**EXERCISE DIRECTIONS**
Please copy the listing below in its entirety, without alteration.

**INPUT RECORDS**
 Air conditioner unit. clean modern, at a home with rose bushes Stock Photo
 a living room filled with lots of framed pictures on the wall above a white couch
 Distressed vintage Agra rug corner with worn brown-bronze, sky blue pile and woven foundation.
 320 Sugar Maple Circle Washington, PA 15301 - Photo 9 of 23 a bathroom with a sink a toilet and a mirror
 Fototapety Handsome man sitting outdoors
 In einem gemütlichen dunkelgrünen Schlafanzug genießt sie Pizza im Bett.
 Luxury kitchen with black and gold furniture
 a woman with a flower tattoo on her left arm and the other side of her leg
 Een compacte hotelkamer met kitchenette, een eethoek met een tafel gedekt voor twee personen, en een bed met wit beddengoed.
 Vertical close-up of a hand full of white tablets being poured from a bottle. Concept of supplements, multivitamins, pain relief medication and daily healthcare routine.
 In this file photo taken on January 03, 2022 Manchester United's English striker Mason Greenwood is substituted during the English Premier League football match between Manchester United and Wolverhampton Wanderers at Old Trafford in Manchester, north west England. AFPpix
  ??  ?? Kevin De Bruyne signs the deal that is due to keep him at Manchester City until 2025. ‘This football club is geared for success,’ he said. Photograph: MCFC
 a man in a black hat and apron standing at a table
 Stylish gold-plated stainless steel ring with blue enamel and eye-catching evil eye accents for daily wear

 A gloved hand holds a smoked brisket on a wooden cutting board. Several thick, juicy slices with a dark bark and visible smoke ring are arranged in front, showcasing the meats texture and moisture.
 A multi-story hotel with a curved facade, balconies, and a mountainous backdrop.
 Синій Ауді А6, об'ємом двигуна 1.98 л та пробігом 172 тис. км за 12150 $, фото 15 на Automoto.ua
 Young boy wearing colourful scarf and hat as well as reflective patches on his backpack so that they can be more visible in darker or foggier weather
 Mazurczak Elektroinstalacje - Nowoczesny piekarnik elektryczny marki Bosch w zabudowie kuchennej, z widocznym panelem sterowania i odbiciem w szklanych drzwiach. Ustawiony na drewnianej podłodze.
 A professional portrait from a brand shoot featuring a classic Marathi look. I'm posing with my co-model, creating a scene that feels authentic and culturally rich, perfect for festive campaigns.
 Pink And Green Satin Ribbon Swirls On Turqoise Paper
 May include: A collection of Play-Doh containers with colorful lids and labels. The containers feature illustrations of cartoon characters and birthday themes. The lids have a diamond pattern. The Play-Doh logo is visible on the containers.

**ANSWER TO THE EXERCISE**
 Air conditioner unit. clean modern, at a home with rose bushes Stock Photo
 a living room filled with lots of framed pictures on the wall above a white couch
 Distressed vintage Agra rug corner with worn brown-bronze, sky blue pile and woven foundation.
 320 Sugar Maple Circle Washington, PA 15301 - Photo 9 of 23 a bathroom with a sink a toilet and a mirror
 Fototapety Handsome man sitting outdoors
 In einem gemütlichen dunkelgrünen Schlafanzug genießt sie Pizza im Bett.
 Luxury kitchen with black and gold furniture
 a woman with a flower tattoo on her left arm and the other side of her leg
 Een compacte hotelkamer met kitchenette, een eethoek met een tafel gedekt voor twee personen, en een bed met wit beddengoed.
 Vertical close-up of a hand full of white tablets being poured from a bottle. Concept of supplements, multivitamins, pain relief medication and daily healthcare routine.
 In this file photo taken on January 03, 2022 Manchester United's English striker Mason Greenwood is substituted during the English Premier League football match between Manchester United and Wolverhampton Wanderers at Old Trafford in Manchester, north west England. AFPpix
  ??  ?? Kevin De Bruyne signs the deal that is due to keep him at Manchester City until 2025. ‘This football club is geared for success,’ he said. Photograph: MCFC
 a man in a black hat and apron standing at a table
 Stylish gold-plated stainless steel ring with blue enamel and eye-catching evil eye accents for daily wear

 A gloved hand holds a smoked brisket on a wooden cutting board. Several thick, juicy slices with a dark bark and visible smoke ring are arranged in front, showcasing the meats texture and moisture.
 A multi-story hotel with a curved facade, balconies, and a mountainous backdrop.
 Синій Ауді А6, об'ємом двигуна 1.98 л та пробігом 172 тис. км за 12150 $, фото 15 на Automoto.ua
 Young boy wearing colourful scarf and hat as well as reflective patches on his backpack so that they can be more visible in darker or foggier weather
 Mazurczak Elektroinstalacje - Nowoczesny piekarnik elektryczny marki Bosch w zabudowie kuchennej, z widocznym panelem sterowania i odbiciem w szklanych drzwiach. Ustawiony na drewnianej podłodze.
 A professional portrait from a brand shoot featuring a classic Marathi look. I'm posing with my co-model, creating a scene that feels authentic and culturally rich, perfect for festive campaigns.
 Pink And Green Satin Ribbon Swirls On Turqoise Paper
 May include: A collection of Play-Doh containers with colorful lids and labels. The containers feature illustrations of cartoon characters and birthday themes. The lids have a diamond pattern. The Play-Doh logo is visible on the containers.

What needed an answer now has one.